• PROVIDED DATA:
________________________

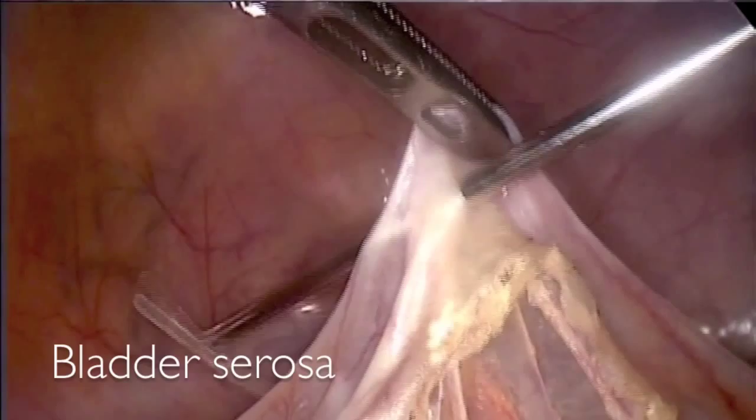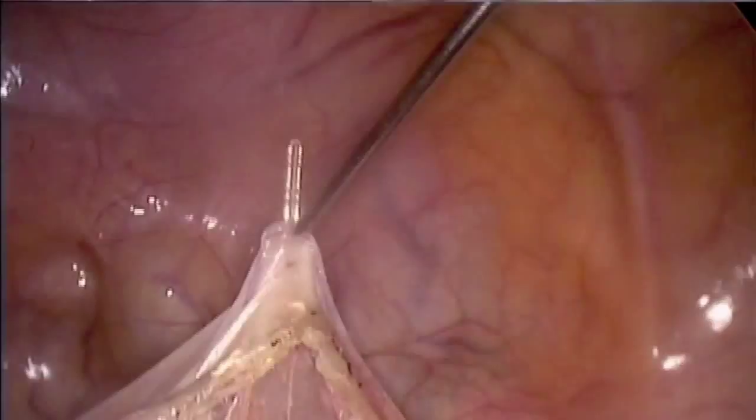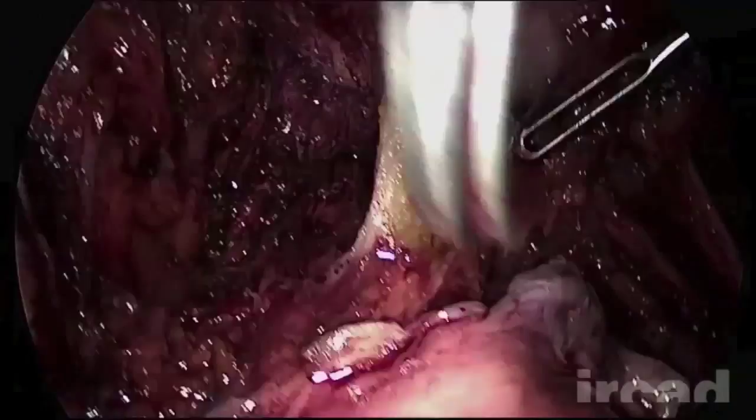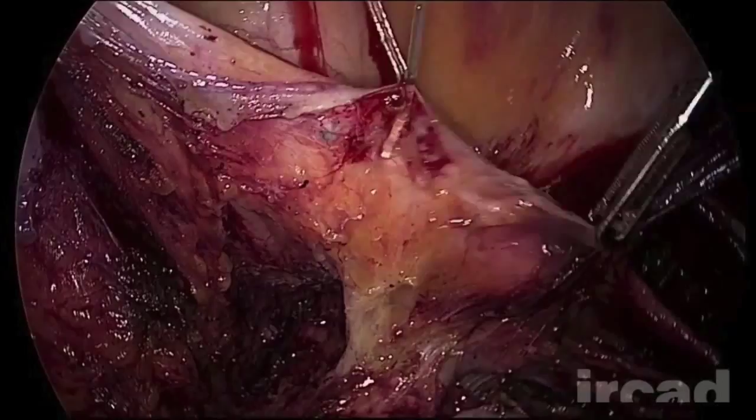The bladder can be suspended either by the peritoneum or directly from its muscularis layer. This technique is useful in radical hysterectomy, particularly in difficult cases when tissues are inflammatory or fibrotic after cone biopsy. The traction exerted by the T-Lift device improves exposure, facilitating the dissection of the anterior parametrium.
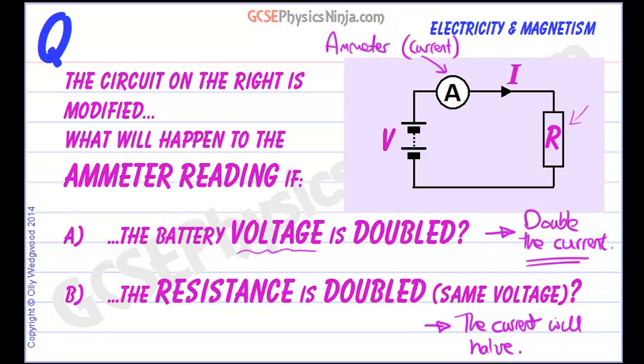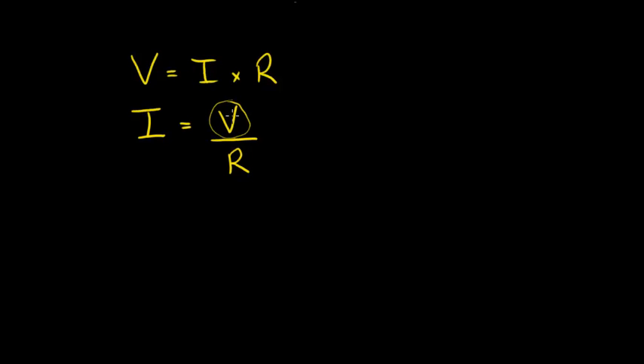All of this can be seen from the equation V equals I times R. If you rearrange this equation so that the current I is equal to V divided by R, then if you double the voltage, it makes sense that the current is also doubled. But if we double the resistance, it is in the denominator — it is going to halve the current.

________________________

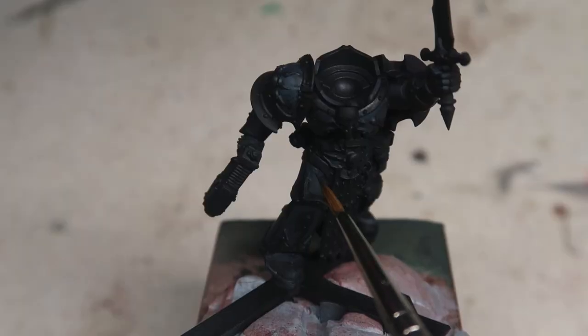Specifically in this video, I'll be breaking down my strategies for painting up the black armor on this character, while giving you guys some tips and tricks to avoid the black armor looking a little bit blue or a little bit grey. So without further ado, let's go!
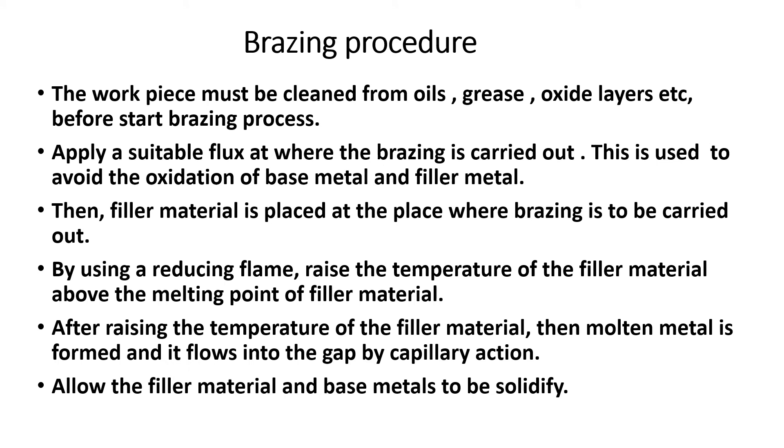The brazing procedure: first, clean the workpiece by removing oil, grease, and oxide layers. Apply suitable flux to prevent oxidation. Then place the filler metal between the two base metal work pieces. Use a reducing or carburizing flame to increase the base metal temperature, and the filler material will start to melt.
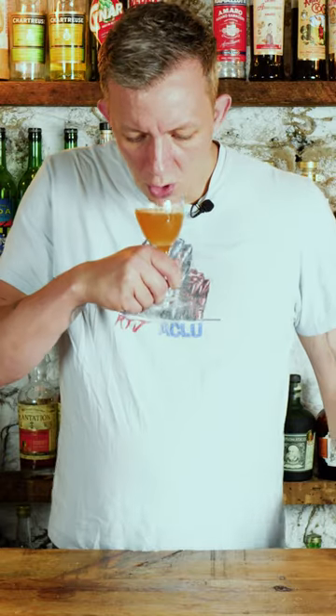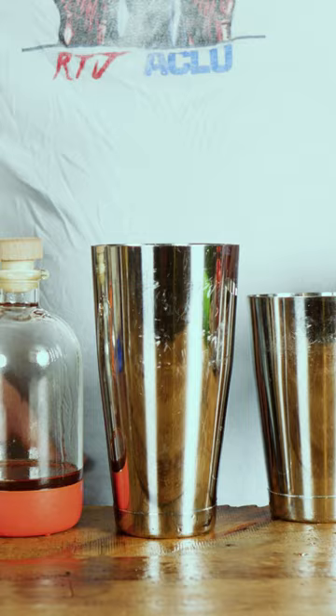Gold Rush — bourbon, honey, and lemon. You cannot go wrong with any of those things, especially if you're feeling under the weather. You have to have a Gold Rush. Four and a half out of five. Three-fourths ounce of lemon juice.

________________________

• WHAT IS BEING ASKED: Output only the lines above from the one containing "Specifically in this" to the one containing "Gold Rush —", both included, exactly as written and with no pictures.

• SOLUTION:
Specifically in this video, I'll be breaking down my strategies for painting up the black armor on this character, while giving you guys some tips and tricks to avoid the black armor looking a little bit blue or a little bit grey. So without further ado, let's go!
The brazing procedure: first, clean the workpiece by removing oil, grease, and oxide layers. Apply suitable flux to prevent oxidation. Then place the filler metal between the two base metal work pieces. Use a reducing or carburizing flame to increase the base metal temperature, and the filler material will start to melt.
Gold Rush — bourbon, honey, and lemon. You cannot go wrong with any of those things, especially if you're feeling under the weather. You have to have a Gold Rush. Four and a half out of five. Three-fourths ounce of lemon juice.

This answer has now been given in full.